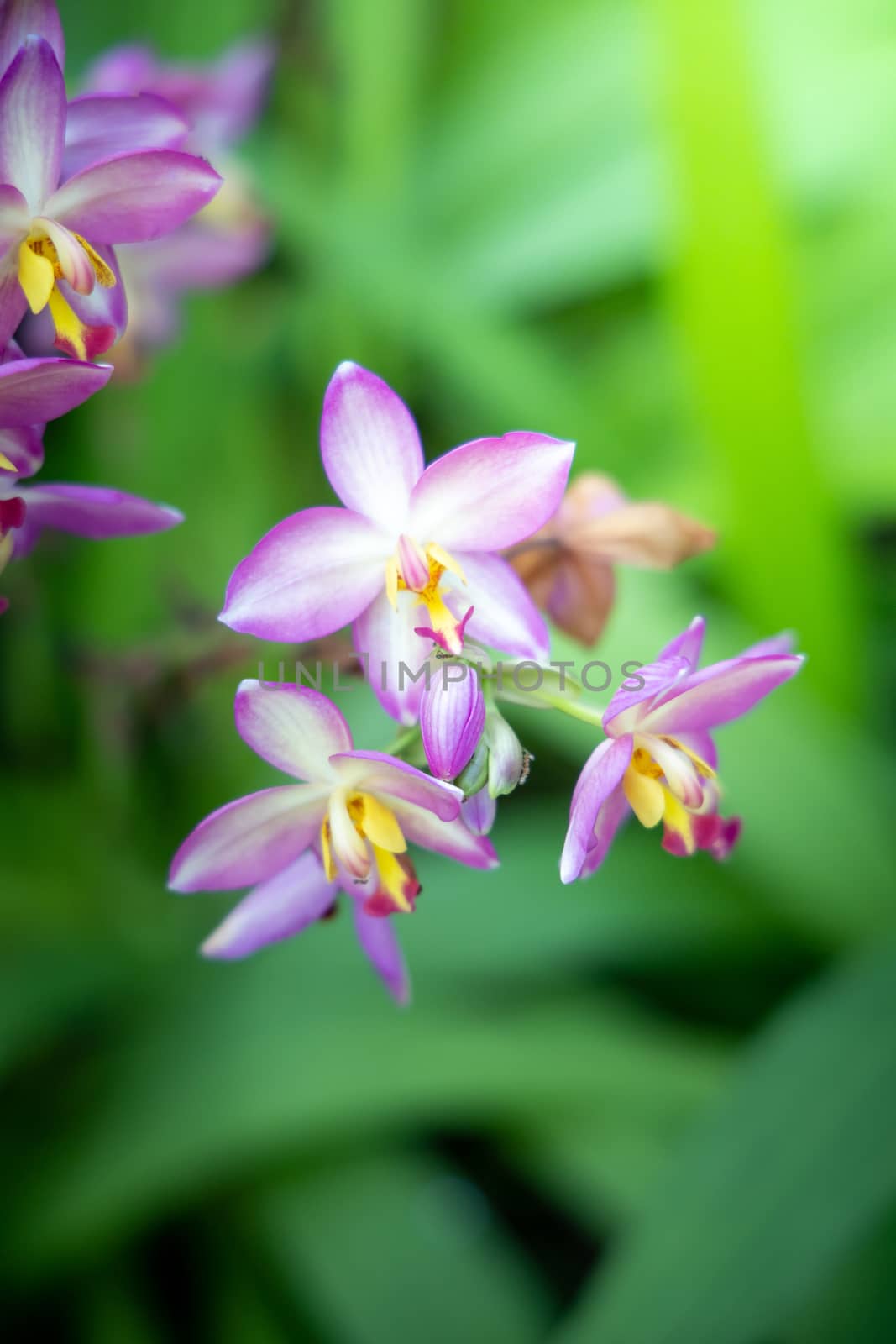 The background image of the colorful flowers by teerawit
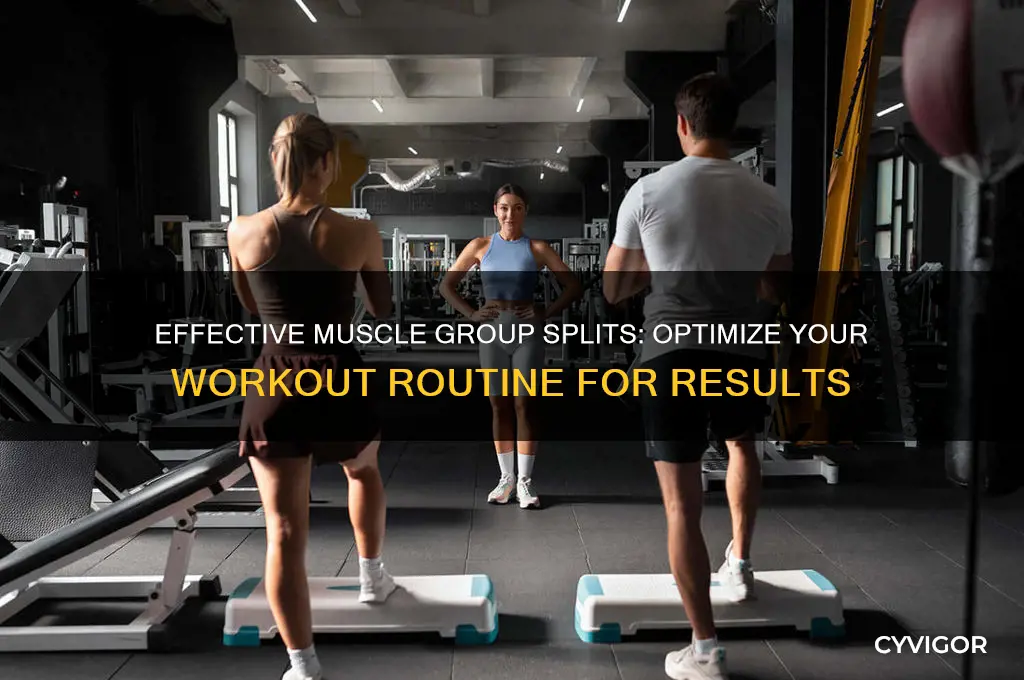 how tdo you split your muscle group days up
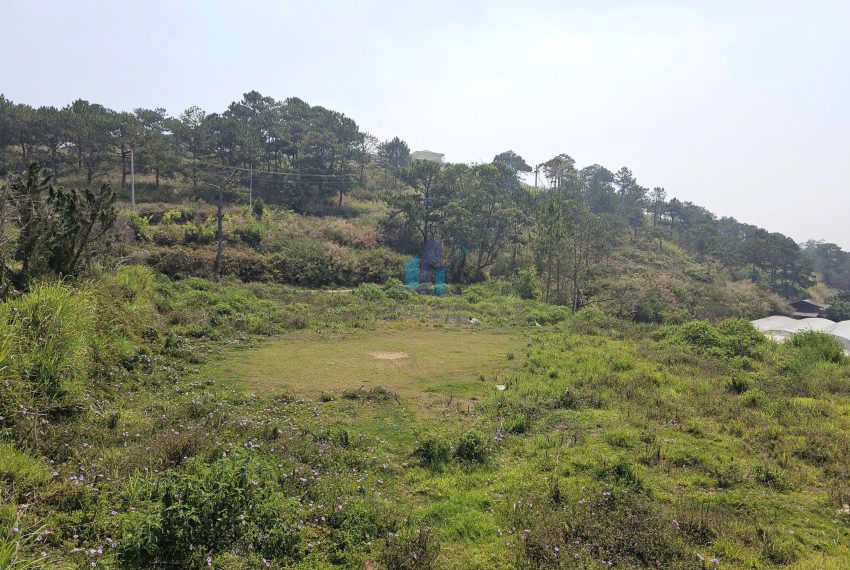 z7680447388232_719e0e2e7483e7247dd74e3b8bfc4b33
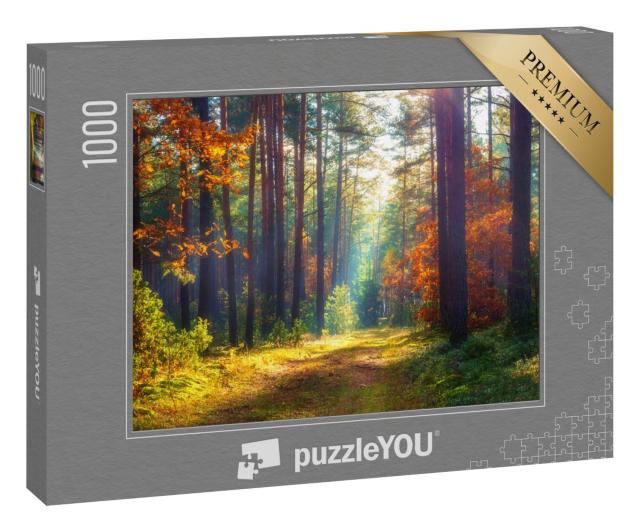 Puzzle 1000 Teile „Herbstliche Naturlandschaft“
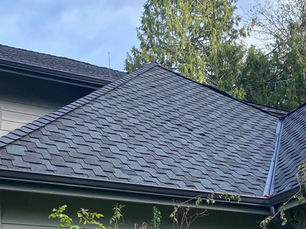 Nails through Shingles.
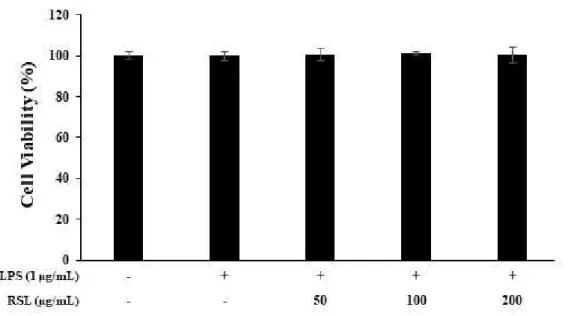 그림 Ⅲ-1. Rubus coreanus extract (RSL)의 RAW 264.7 세포 내 독성 평가.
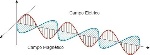 57dc0a05e97d3-ondas-eletromagneticas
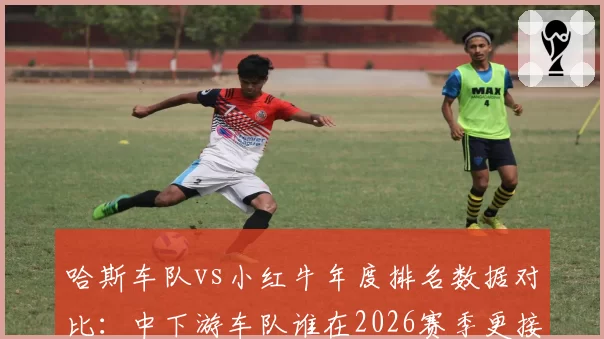 哈斯车队vs小红牛年度排名数据对比：中下游车队谁在2026赛季更接近突破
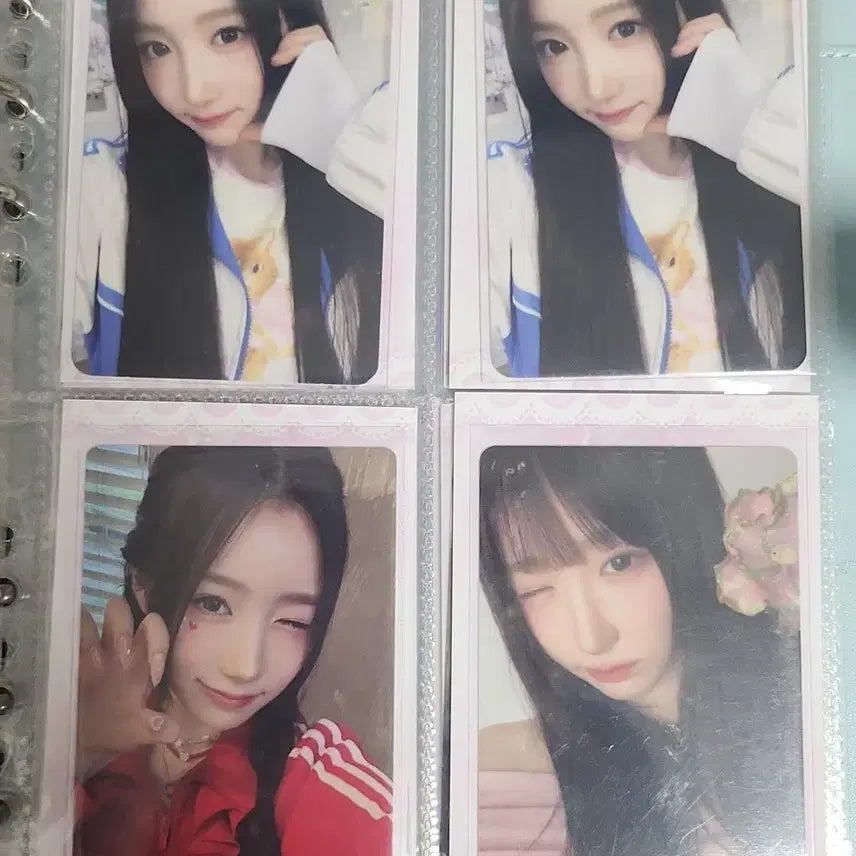 일괄)세이마이네임 포카 일괄로 팔아요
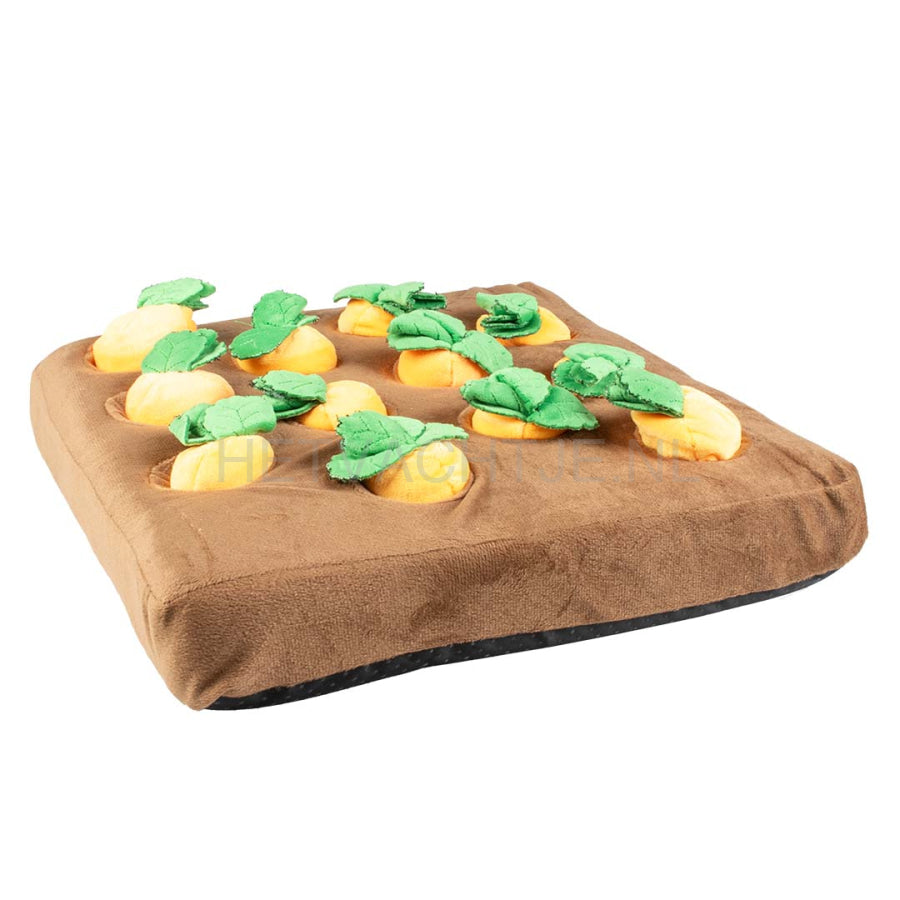 Duvo - Snackmat wortel moestuin 37x37x8cm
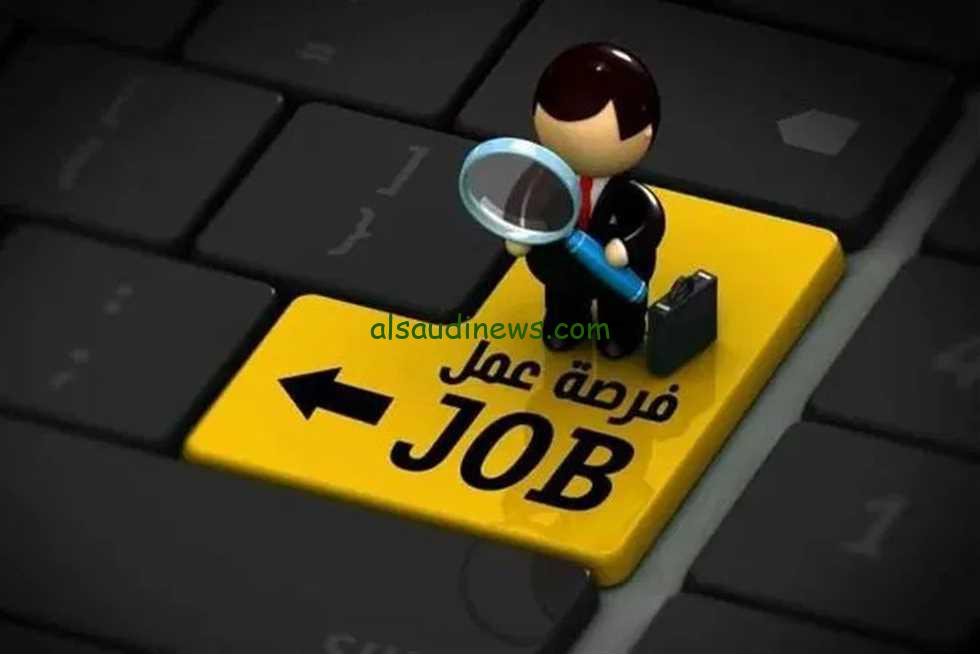 التقديم علي تعيينات وزارة الشباب والرياضة 2024 الشروط المطلوبة والمميزات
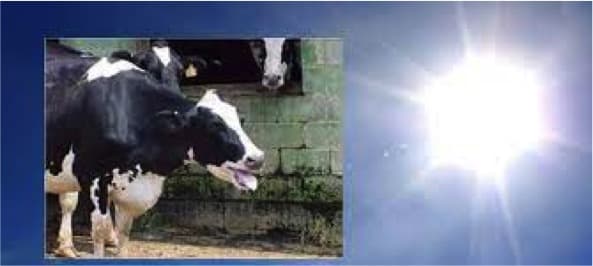 Researchers develop app to alleviate stress in dairy cows..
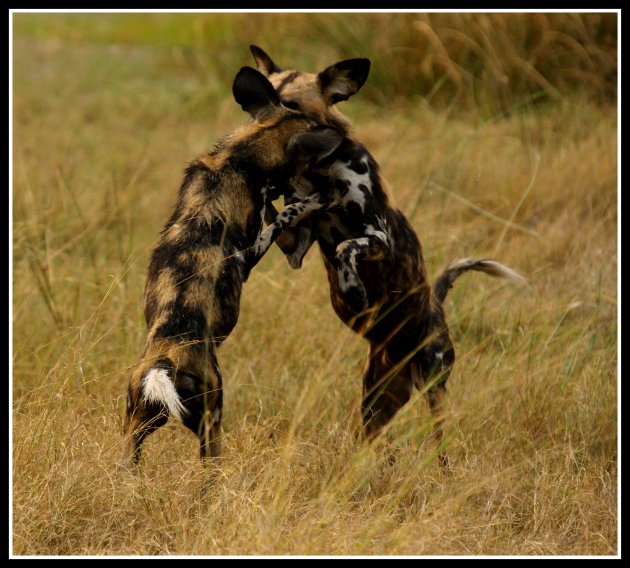 2 Spelende wilde honden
________________________
### WORK TO COMPLETE
What is needed is every line of the data above, set down exactly but with the images left out.

### ANSWER TO THIS EXERCISE
 The background image of the colorful flowers by teerawit
 how tdo you split your muscle group days up
 z7680447388232_719e0e2e7483e7247dd74e3b8bfc4b33
 Puzzle 1000 Teile „Herbstliche Naturlandschaft“
 Nails through Shingles.
 그림 Ⅲ-1. Rubus coreanus extract (RSL)의 RAW 264.7 세포 내 독성 평가.
 57dc0a05e97d3-ondas-eletromagneticas
 哈斯车队vs小红牛年度排名数据对比：中下游车队谁在2026赛季更接近突破
 일괄)세이마이네임 포카 일괄로 팔아요
 Duvo - Snackmat wortel moestuin 37x37x8cm
 التقديم علي تعيينات وزارة الشباب والرياضة 2024 الشروط المطلوبة والمميزات
 Researchers develop app to alleviate stress in dairy cows..
 2 Spelende wilde honden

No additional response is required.